Anyone visiting Google's Mountain View headquarters in California will come across an eclectic collection of statues. There, on a lawn, stands oversized models of various foodstuffs, including a gingerbread man, an éclair and an ice cream sandwich in the shape of a robot.
These are the search giant's monuments to Android, with each model representing a version of the mobile phone and tablet operating system, the most recent of which, Jelly Bean, was unveiled earlier this year.
Free for manufacturers to build their phones and tablets around, the Android system – launched in 2007 – has come to dominate the mobile world. Recent figures from the research firm IDC shows more than two-thirds of the smartphones shipped worldwide between April and June were based on Android, but recent events suggest life in the future may not be such a picnic for Google.
The decision last week by a nine-person jury in California to order Samsung to pay Apple $1.05bn (£663m) in damages has not just hit the South Korean technology giant. Samsung is the largest manufacturer of Android-based phones, and the ruling that its devices copied elements from the iPhone and the iPad has seen the attention switch to what it could mean for Google.
There's certainly no love lost between Apple and Android. Apple's co-founder Steve Jobs – who died last year aged 56 – told his biographer Walter Isaacson that he was "going to destroy Android" and that it was "a stolen product". Saying he was "willing to go thermonuclear war on this", he also said he would "spend my last dying breath if I need to, and I will spend every penny of Apple's $40 bn in the bank, to right this wrong".
Yet rather than deciding to tackle Google face-on, Apple has been battling with the manufacturers who are making devices based on Android. Samsung is one of a number of adversaries, with Apple also currently taking on HTC and Motorola in the courts.
With last week's ruling finding that Samsung infringed design as well as software patents, Google's response to the verdict has been fairly calm, saying most of the "claims don't relate to the core Android operating system". However, it added that the "mobile industry is moving fast and all players are building upon ideas that have been around for decades.
"We work with our partners to give consumers innovative and affordable products."
"The ruling marks an important victory for Apple against Android," said Ben Reitzes, an analyst with Barclays. "Competitors may now think twice about how they compete in smart mobility devices with the industry's clear innovator".
He added that if Apple "forces competitors to innovate more, it could take longer for competitive products to come to market, and make it more expensive to develop them."
One winner out of all this could well be Microsoft. Its Windows Phone platform lags well behind both Apple and Google's systems in popularity, but the Samsung ruling prompted claims phone makers could now turn to the operating system instead of Android. Bill Cox, marketing director for the Windows Phone division, was certainly pleased – he responded to the court's decision by tweeting: "Windows Phone is looking gooooood right now."
Enders Analysis' Benedict Evans warned the Samsung decision would create "ripples of uncertainty for Android manufacturers", adding that it makes them "take a second look at Windows Phone, which doesn't have these problems", although he said the likelihood of them switching was "a long-shot".

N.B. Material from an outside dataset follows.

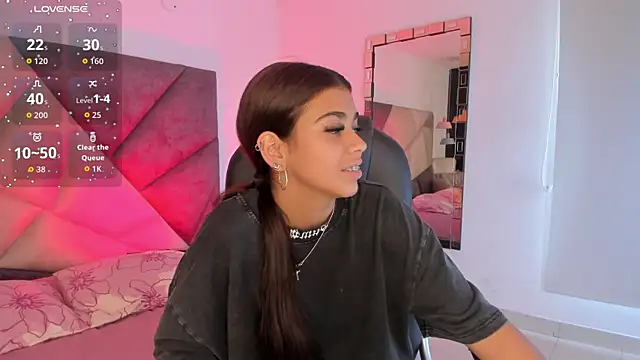 GiaFu online show from December 2025 06:14:02 PM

Pointing out Samsung's relatively large size in comparison to other Android handset makers, he argued that while a $1.05bn damages payment is "painful for Samsung, it would be fatal for any other Android manufacturer".
Mr Evans said the Samsung ruling "will cause some redesigns and some delays and shave some peoples' margins" for manufacturers using Android, although he added that not many consumers would be prompted into buying an iPhone instead because of the difference in price.
Google has not been sitting on its hands. Little more than a year ago it announced it was forking out a huge $12.5bn to snap up Motorola Mobility, the half of Motorola which made mobile phones.
Although this part of the business is by no means the handset giant it once was, the deal did give Google access to nearly 25,000 patents.
As a result, this allowed Google earlier this month, before the Samsung ruling had been made, to itself file a lawsuit against Apple claiming a number of features such as Siri – the iPhone's voice-recognition system –ripped off its patents. If Google was to come out on top, this could pave the way to a deal being struck with Apple.
Experts have also pointed out that many iPhone and iPad users use Google technology – such as the Gmail email app – on their device, suggesting Apple has a vested interest in ensuring relations between the two don't break down completely.
Nonetheless, after the Samsung victory, the fight between Apple and Google seems to have a way to go yet.
Software features: 'Rubber-band' effect
While Samsung was found to have infringed a number of Apple's design patents, it was also judged to have copied software features such as the "rubber-band" effect, where – when the user is scrolling – the screen bounces after the top or the bottom is reached.
Manufacturers which build mobile phones and tablets around Google's Android operating system are able to adjust it, but this feature was once built into Google's Android operating system while other effects which Apple claimed had been copied still remain.